*** EXERCISE DATA ***

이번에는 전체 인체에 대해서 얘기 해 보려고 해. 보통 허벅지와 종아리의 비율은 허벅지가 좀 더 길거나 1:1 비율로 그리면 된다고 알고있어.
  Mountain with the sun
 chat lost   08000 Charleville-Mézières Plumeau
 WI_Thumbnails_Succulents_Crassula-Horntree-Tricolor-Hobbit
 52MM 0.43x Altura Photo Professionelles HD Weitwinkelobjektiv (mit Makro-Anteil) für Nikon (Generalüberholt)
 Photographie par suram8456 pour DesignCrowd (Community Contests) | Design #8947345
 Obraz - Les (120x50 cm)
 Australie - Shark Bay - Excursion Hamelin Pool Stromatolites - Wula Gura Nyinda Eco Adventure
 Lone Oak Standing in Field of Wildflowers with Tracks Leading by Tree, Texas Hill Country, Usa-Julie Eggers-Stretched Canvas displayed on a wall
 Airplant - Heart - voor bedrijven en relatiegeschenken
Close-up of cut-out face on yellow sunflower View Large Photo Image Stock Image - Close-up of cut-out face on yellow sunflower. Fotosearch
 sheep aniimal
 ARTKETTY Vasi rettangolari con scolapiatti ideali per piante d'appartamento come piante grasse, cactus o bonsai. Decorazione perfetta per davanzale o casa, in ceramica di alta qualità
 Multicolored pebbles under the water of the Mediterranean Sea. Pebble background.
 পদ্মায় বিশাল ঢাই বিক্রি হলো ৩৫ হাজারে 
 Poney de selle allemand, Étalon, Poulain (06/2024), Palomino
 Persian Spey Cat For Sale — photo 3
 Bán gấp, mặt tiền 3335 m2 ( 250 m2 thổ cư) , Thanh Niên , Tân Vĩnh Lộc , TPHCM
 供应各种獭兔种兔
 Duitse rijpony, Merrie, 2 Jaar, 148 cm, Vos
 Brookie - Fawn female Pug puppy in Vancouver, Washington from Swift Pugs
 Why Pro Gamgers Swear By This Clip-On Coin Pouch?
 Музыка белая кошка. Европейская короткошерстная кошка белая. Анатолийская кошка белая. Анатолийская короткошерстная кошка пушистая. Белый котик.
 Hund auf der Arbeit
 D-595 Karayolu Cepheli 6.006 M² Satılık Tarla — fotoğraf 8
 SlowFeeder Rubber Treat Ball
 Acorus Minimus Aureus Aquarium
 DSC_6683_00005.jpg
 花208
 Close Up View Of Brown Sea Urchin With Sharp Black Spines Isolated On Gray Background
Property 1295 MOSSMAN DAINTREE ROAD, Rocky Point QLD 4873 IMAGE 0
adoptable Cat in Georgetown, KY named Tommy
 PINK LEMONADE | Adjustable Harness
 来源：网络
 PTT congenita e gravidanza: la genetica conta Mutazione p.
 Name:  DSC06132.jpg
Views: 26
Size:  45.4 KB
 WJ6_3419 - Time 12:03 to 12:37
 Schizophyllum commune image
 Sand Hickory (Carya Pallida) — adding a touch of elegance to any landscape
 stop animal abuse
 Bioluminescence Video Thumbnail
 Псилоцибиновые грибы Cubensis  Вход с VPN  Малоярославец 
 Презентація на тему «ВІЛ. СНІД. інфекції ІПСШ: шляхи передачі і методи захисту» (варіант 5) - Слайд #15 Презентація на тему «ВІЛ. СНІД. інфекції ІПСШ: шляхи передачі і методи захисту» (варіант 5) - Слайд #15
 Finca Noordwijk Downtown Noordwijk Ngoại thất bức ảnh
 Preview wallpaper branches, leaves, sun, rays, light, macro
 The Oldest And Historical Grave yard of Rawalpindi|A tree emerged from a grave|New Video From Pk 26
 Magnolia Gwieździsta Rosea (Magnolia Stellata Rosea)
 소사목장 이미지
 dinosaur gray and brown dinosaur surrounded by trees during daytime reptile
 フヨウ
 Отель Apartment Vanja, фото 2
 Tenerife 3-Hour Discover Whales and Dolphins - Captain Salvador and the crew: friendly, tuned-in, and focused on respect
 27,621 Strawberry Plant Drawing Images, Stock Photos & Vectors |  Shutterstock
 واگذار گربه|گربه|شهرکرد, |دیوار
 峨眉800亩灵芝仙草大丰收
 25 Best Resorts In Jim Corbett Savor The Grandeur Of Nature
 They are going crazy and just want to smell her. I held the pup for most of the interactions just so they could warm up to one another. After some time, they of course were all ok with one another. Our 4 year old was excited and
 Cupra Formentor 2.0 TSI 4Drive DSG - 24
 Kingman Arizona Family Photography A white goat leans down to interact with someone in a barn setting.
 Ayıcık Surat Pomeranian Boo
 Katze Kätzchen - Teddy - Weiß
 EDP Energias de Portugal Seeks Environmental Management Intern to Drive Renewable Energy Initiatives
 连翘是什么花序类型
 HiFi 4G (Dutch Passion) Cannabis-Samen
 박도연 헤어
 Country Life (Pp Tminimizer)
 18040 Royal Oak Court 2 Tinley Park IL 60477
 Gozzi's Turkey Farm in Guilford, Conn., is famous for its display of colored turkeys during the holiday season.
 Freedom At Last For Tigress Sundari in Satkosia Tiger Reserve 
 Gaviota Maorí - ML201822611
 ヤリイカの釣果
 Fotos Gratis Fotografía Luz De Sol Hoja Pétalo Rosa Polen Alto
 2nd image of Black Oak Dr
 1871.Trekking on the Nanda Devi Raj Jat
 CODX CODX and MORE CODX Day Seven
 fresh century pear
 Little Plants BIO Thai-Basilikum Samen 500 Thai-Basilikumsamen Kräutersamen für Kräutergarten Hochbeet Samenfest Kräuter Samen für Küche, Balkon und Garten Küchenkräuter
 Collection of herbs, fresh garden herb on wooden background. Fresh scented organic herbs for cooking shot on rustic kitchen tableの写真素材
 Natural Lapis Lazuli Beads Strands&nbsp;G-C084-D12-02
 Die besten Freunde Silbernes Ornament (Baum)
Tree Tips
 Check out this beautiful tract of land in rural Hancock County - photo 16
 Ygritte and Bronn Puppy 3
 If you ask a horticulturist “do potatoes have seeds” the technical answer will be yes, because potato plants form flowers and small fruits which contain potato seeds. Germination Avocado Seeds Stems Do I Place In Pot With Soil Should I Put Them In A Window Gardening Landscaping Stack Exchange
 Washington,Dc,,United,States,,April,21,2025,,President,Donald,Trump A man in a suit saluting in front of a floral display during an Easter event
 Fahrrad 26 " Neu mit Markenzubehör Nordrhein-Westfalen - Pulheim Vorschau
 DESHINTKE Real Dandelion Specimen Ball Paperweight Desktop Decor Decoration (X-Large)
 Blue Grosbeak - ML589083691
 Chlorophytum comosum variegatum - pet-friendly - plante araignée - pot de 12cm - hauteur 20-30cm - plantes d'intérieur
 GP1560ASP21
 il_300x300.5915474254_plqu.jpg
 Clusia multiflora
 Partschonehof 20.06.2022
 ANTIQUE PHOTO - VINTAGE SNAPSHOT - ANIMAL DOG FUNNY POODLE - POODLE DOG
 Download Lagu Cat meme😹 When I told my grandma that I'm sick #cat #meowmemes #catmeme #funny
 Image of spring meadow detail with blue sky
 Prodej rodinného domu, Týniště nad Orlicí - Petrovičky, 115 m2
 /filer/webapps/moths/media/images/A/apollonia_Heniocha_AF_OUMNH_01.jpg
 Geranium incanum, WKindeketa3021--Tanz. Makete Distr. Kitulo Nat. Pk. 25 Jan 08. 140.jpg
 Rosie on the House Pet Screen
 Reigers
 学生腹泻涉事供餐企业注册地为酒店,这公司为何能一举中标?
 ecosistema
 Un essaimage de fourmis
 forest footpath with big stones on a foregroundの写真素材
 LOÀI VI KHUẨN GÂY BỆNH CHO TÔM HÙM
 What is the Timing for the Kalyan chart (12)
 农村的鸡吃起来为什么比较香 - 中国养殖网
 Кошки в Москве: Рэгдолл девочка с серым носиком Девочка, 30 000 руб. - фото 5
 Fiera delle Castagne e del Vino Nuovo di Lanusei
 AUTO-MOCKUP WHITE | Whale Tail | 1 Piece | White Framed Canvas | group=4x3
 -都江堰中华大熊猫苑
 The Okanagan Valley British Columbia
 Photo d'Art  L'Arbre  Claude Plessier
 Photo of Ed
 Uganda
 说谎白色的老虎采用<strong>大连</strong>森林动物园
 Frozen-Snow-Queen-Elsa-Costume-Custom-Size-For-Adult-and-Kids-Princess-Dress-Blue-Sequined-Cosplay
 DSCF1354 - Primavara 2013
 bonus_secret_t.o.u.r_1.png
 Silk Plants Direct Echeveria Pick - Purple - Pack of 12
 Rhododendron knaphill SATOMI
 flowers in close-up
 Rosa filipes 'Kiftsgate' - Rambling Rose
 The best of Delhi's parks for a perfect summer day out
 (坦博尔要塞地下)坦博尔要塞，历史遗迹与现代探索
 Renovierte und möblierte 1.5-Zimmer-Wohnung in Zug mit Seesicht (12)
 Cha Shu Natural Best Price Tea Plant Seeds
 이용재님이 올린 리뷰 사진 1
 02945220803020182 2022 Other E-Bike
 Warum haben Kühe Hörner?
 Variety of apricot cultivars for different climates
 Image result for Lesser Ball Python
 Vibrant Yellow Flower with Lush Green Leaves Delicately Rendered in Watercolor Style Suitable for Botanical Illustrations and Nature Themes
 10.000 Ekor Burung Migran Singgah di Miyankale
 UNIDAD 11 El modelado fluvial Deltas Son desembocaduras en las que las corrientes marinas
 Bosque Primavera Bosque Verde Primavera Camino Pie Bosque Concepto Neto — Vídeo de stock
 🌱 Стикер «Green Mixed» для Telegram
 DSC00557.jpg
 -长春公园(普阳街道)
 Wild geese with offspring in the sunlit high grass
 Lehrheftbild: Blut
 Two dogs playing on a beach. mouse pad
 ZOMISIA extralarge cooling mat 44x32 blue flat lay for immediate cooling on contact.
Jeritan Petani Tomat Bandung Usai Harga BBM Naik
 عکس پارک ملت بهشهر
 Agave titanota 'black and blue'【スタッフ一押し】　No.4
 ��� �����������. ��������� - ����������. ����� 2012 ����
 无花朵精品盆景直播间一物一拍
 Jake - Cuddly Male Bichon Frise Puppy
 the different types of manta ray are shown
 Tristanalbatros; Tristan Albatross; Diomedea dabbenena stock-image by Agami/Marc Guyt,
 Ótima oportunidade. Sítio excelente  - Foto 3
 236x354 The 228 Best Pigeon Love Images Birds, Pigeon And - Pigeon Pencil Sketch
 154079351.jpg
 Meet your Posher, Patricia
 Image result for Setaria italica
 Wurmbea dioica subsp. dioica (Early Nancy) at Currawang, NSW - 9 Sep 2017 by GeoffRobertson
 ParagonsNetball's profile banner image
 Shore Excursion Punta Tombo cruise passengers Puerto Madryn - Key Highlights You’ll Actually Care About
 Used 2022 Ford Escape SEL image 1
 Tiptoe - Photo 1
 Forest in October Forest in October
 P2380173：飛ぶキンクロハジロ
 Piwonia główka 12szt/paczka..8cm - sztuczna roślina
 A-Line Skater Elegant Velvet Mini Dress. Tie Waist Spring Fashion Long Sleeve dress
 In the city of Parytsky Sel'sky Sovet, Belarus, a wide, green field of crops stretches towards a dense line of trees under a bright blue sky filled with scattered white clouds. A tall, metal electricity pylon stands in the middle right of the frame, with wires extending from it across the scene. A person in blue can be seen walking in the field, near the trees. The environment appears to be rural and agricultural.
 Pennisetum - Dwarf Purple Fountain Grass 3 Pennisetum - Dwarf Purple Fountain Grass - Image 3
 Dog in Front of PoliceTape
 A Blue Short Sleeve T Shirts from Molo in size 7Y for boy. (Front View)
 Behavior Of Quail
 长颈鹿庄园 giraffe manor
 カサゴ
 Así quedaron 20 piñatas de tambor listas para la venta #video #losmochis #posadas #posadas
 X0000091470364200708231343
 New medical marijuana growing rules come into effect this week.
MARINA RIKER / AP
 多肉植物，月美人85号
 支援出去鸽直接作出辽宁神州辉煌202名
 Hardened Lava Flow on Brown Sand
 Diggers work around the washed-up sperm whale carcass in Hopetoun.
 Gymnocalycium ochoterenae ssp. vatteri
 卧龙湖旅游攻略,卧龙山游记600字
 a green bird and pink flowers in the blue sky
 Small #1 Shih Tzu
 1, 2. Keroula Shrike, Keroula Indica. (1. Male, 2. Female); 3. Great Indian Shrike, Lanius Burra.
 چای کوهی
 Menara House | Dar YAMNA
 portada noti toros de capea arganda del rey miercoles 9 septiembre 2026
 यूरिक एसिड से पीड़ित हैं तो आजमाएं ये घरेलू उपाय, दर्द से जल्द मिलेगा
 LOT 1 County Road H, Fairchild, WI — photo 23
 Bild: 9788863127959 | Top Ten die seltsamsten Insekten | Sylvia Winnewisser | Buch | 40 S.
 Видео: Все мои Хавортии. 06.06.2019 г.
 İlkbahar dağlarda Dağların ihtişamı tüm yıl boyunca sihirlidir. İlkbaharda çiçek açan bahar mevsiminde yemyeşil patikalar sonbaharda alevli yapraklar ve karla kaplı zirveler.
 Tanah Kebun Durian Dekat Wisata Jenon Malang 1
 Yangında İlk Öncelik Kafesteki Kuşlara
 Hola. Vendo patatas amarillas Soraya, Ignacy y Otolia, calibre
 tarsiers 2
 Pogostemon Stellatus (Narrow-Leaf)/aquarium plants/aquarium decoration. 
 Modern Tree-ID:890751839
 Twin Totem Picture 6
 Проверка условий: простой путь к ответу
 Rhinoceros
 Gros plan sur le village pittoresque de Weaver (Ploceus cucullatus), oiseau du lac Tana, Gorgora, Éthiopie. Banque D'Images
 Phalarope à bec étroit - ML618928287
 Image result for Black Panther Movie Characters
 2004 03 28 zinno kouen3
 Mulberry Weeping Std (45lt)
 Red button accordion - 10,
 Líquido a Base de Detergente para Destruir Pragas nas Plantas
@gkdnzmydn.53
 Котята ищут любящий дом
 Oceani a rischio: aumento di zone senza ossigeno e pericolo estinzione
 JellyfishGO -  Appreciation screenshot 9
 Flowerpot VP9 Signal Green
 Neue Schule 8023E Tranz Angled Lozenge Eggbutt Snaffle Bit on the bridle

*** End of EXERCISE DATA ***

DIRECTIONS FOR THIS TASK -
Among the records above, find the lines where the word "Sand" appears and copy them.

REPLY -
 Sand Hickory (Carya Pallida) — adding a touch of elegance to any landscape
 Hardened Lava Flow on Brown Sand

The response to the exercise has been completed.